Setelah kembali ke Tanah Air tahun 1922, selain aktif mengajar Dahlan terlibat dalam perjuangan kemerdekaan berlanjut di Partai Indonesia Raya (Parindra) seangkatan dengan M Husni Thamrin. Di Komite Nasional Indonesia Pusat (KNIP) dan berjuang bersama Soekarno, M Hatta, KH M Mansoer, Ki Hadjar Dewantara, Soetardjo, Prof Dr Hoesein Djajadiningrat, Soekardjo Wirjopranoto, Prof Mr Soepomo, dan lainnya, termasuk menjadi Wali Kota Jakarta hingga menjadi diplomat pionir.Cucu Haji Bagindo Dahlan Abdullah, Dr Mochamad Indrawan mendukung Fadli Zon untuk meluruskan sejarah Indonesia termasuk memasukkan nama tokoh yang sempat disebut-sebut hilang seperti KH Hasyim Asy’ari dan Haji Bagindo Dahlan Abdullah, tokoh pergerakan Indonesia prakemerdekaan di Belanda.
Fadli Zon dalam acara bedah buku Baginda Dahlan Abdullah (1895-1950) Penyemai Nasionalisme Indonesia dan Diplomat Pionir yang Terlupakan karya Dr Suryadi di BRIN, Jakarta, 17 Januari 2024 mengatakan, sudah berkali-kali ziarah ke makam tokoh ini di Baghdad terakhir 11 November 2023.
Dahlan dimakamkan di tempat terhormat di Masjid Syekh Abdul Qadir Jailani di Baghdad, Irak atas saran H Agus Salim. Bahkan, Irak menyatakan libur nasional lima hari ketika Dahlan Abdullah meninggal dunia.
Dalam dunia pendidikan, Dahlan turut mendirikan Sekolah Tinggi Islam (STI) yang kelak menjadi Universitas Islam Indonesia (UII) Yogyakarta melalui rapat Masyoemi tahun 1945 bersama tokoh besar lain seperti KH Abdul Wahid, KH Bisri, KH Wahid Hasyim, Ki Bagus Hadikusumo, KH Mas Mansur, KH Hasyim, KH Faried Ma’ruf, KH Abdul Mukti, KH Imam Ghazali, Dr Soekiman Wirjosandjojo, Wondoamiseno, Anwar Cokroaminoto, Harsono Cokroaminoto, Mr Moch Roem, dan lainnya.
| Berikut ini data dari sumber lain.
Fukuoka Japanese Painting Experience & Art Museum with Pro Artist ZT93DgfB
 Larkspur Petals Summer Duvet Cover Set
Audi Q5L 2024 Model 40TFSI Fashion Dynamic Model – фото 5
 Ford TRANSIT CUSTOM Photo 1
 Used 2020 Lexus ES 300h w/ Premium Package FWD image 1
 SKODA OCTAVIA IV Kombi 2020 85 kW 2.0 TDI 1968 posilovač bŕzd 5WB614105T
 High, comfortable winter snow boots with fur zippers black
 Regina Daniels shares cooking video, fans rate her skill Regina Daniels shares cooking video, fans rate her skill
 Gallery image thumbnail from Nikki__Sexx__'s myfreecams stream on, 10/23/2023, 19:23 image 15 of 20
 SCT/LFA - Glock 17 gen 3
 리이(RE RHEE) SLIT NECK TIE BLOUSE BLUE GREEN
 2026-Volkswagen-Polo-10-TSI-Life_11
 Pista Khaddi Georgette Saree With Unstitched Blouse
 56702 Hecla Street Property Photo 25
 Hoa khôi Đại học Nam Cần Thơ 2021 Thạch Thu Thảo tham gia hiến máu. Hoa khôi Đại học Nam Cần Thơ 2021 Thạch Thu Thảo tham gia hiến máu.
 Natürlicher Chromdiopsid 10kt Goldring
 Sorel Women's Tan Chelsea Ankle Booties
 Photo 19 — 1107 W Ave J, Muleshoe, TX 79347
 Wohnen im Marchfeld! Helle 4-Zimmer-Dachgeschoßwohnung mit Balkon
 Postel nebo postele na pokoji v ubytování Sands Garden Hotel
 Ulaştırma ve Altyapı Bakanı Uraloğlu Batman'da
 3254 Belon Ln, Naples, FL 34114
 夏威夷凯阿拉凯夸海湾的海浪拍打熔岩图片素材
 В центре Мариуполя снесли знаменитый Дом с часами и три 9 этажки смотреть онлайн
Dahlan Abdullah lahir di Pasia, Pariaman pada 15 Juni 1895 dan meninggal dunia dalam tugas sebagai Duta Besar Indonesia untuk Irak, Syria, dan Trans-Jordania pada 12 Mei 1950. Kemudian, dimakamkan dengan upacara kebesaran di Masjid Syekh Abdul Qadir Jailani di Baghdad, Irak.
Bagindo Dahlan Abdullah satu sekolah dengan Tan Malaka di Sekolah Raja (Kweekschool) di Bukittinggi. Mereka adalah teman sekelas. Lulus dari Kweekschool, atas sokongan keluarga dan karena kepandaiannya, Dahlan dikirim belajar ke Belanda bersama dua sepupunya, Zainuddin Rasad dan Jamaluddin Rasad.
Dalam beberapa catatan menunjukkan, ketika M Hatta di Belanda dia pernah menginap di tempat Dahlan Abdullah. Ini menunjukkan mereka berdua sahabat dekat, bahkan Dahlan menemani Hatta berkeliling Eropa sekaligus mengenalkannya pada tokoh-tokoh nasionalis Indonesia di sana.